Cette archive du Gisti, basée sur l'année civile 2003, est certes ancienne mais donne une bonne idée de la bonne ou mauvaise volonté des pays à accepter ou non qu'on leur renvoie leurs ressortissants. A l'époque, il n'y avait pas de Kosovo mais une Yougoslavie; à l'époque la Tunisie était sous le régime de Ben Ali; à l'époque aussi, l'Egypte n'avait pas fait sa "révolution". En 2003, ce siècle avait deux ans. Et déjà Sarkozy perçait sous Chirac. Mais dans les grandes lignes, c'est à lire pour mieux comprendre l'embarras des autorités françaises, mais aussi ce que le ministre de l'Intérieur n'a pas dit clairement, et que du coup les journalistes n'ont pas repris.
Que faire de Leonarda?
On l'a vu, la collégienne de quinze ans n'est pas gâtée: un père menteur, violent, et qui par surcroît l'aurait forcée à mendier. Or le père, qui se revendique du Kosovo, avait déjà été expulsé au Kosovo quand la police a voulu expulser le reste de la famille. Pourquoi la France l'a-t-elle renvoyée au Kosovo, alors que, suite à une décision du Conseil d'Etat de mars 2012, soit à peine un an après son entrée sur cette liste, le Kosovo est sorti de la liste des "pays d'origine sûre" de l'OFPRA? Autre faute de l'administration française... car la liste à jour (août 2013) ne mentionne toujours pas le Kosovo.
Une fois l'erreur commise d'envoyer le père au Kosovo dans des conditions que le rapport de l'IGA ne dit pas [tel n'est pas son propos], la France aurait pu se passer d'établir ces laissez-passer européens discrètement avoués dans un long rapport, et donc de forcer la main au Kosovo en lui expédiant une femme et de enfants que ce pays ne reconnaissait pas ou ne voulait pas. La France aurait pu, par exemple, reconduire à la frontière le reste de la famille dans son pays "d'origine" au sein de l'espace Schengen, à savoir l'Italie.
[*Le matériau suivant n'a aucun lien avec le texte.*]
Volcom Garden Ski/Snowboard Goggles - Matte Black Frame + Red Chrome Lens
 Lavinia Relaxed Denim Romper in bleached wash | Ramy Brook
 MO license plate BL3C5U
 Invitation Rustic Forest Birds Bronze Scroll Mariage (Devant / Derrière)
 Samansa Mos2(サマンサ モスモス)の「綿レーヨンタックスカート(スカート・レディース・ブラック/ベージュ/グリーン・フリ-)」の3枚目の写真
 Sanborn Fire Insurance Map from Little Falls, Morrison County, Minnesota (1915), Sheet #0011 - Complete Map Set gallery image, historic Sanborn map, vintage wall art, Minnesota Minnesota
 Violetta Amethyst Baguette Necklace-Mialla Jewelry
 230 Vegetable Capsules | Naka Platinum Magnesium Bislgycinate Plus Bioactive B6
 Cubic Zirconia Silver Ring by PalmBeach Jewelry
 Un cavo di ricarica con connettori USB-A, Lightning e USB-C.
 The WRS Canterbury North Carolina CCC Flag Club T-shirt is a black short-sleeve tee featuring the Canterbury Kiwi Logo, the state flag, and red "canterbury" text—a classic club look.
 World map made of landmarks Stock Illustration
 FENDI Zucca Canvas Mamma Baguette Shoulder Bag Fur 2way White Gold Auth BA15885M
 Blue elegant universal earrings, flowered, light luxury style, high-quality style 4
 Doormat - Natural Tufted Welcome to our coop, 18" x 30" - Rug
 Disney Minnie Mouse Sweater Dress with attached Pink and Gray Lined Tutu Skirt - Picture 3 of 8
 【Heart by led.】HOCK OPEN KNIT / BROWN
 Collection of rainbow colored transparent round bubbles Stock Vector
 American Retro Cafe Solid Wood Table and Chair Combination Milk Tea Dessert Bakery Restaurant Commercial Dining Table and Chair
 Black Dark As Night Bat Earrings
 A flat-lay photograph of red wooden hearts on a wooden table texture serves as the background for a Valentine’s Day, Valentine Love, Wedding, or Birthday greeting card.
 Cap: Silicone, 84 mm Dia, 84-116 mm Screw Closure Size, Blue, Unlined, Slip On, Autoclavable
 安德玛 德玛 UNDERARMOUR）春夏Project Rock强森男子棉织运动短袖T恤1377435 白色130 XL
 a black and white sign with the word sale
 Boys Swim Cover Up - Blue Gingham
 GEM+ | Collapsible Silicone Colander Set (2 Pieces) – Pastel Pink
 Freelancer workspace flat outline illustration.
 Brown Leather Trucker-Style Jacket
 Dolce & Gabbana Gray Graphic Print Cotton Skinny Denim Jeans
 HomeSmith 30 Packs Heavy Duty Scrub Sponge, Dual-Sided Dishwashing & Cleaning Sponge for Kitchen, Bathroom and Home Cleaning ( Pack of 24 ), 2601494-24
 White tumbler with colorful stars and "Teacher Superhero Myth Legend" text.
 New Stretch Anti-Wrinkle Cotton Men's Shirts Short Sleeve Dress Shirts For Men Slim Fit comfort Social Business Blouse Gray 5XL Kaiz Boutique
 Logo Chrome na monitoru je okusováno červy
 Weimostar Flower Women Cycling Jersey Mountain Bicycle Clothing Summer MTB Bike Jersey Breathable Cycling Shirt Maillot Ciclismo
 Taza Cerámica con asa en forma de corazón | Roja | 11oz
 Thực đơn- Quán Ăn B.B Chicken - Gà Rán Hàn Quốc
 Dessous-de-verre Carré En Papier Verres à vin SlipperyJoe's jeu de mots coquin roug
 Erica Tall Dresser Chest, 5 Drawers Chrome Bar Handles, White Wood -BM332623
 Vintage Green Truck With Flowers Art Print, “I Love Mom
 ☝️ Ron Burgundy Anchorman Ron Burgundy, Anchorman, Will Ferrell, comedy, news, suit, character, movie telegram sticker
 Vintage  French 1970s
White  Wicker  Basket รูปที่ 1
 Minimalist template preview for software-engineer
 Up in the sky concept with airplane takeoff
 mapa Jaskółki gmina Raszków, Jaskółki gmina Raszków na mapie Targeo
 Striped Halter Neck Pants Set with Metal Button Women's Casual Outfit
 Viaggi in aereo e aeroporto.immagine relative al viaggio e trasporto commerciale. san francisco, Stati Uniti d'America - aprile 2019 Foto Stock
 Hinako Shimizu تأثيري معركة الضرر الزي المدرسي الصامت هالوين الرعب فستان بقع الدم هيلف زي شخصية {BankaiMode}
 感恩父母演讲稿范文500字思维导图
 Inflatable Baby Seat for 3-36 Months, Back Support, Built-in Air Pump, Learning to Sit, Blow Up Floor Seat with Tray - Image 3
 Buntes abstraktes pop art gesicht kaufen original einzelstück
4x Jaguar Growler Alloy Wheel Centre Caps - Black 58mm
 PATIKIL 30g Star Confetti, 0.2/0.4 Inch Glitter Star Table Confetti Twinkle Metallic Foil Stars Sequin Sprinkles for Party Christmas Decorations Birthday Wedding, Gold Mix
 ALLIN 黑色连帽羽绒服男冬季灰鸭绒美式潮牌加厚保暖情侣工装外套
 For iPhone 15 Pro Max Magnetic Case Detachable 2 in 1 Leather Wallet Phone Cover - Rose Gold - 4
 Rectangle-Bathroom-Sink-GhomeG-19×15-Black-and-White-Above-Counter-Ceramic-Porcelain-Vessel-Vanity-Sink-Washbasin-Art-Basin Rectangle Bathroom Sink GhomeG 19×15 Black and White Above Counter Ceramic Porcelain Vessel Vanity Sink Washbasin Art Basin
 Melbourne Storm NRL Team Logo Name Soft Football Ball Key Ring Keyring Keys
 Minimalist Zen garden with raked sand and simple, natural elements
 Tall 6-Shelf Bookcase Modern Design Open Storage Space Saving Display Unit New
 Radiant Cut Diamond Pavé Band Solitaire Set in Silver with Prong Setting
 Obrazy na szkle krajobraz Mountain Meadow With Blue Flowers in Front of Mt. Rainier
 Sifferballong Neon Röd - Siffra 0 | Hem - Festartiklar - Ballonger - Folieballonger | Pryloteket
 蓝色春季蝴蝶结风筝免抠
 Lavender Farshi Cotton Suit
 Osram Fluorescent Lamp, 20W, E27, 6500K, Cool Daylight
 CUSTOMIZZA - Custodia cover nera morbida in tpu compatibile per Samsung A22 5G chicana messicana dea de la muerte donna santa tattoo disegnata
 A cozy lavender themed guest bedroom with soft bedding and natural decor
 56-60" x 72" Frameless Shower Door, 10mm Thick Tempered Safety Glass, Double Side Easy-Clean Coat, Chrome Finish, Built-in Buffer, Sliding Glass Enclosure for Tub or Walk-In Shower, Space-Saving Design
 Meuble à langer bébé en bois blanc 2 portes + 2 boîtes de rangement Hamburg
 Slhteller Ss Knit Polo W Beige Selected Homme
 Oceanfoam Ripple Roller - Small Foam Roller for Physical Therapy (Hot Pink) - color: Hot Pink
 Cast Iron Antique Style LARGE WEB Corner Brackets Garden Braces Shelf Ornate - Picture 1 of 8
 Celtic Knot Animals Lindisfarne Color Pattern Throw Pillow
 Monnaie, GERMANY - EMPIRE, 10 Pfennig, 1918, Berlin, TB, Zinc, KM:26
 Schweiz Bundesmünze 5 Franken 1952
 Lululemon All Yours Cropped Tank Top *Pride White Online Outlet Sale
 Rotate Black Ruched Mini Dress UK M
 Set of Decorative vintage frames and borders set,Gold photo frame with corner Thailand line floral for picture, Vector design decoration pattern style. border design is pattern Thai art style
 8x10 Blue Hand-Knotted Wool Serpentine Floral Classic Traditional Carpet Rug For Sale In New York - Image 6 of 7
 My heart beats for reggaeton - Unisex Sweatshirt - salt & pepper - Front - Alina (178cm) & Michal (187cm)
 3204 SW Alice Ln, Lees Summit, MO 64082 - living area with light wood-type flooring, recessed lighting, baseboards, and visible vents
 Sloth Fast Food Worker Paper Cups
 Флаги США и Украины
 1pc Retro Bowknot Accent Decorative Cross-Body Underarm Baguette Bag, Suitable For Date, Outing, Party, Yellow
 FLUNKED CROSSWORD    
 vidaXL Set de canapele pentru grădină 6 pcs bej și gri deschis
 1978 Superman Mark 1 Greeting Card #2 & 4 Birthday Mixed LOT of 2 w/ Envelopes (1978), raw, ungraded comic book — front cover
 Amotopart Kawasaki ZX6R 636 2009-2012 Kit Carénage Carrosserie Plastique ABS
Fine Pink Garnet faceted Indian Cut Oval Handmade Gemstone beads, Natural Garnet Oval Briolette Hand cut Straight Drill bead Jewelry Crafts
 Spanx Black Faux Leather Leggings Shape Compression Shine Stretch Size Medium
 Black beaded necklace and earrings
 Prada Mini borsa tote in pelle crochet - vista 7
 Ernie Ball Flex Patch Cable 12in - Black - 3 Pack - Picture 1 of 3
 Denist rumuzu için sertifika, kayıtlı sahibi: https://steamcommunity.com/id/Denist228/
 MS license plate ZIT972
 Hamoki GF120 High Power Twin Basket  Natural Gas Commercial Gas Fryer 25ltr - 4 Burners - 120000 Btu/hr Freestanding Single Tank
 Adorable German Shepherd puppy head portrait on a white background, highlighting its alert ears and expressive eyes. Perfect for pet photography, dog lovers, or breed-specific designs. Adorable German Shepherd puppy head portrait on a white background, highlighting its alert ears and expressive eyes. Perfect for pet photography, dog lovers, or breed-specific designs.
Une autre possibilité était aussi d'attendre quelques mois, et que cette femme et ces enfants soient régularisables en France au titre de la circulaire Valls.
Du temps où Nicolas Sarkozy était à l'Intérieur existait une circulaire recommandant de ne pas expulser les enfants durant l'année scolaire. Est-ce à dire que la France dite "de gauche" est moins humaine que celle d'avant?
Désormais, tous les membres de la famille Dibrani sont au Kosovo, y compris les enfants qui ne connaissent pas de langue locale. On en vient à reprocher aux enfants -qui n'y sont pour rien- de se comporter comme des Français, et la famille se fait agresser dans la rue, par celui qui était le mari de la dame un quart de siècle plus tot, certes, mais un policier dit tout de même qu'ils ne sont pas en sécurité là-bas.
Une solution reste à la France, dans le cadre du règlement Dublin II: l'article 15, alinéa 1. On y lit que "des membres" d'une même famille peuvent être rapprochés pour des "motifs familiaux et culturels". L'article 6 de ce même règlement met pour sa part en avant "l'intérêt du mineur". Jusqu'à plus ample informé Leonarda est mineure. Il y aurait donc possibilité de la faire revenir en France avec "des membres" de sa famille, et dans son "intérêt" peut-être la séparer de son père, puisque tous les reproches faits jusqu'à présents le sont à son égard. Aussi étrange que cela puisse paraître, ça paraît plus judicieux que de lui demander de choisir entre sa famille naturelle dans un pays qu'elle ne connaît pas avec une langue qu'elle ne connaît pas et la France, mais "elle seule".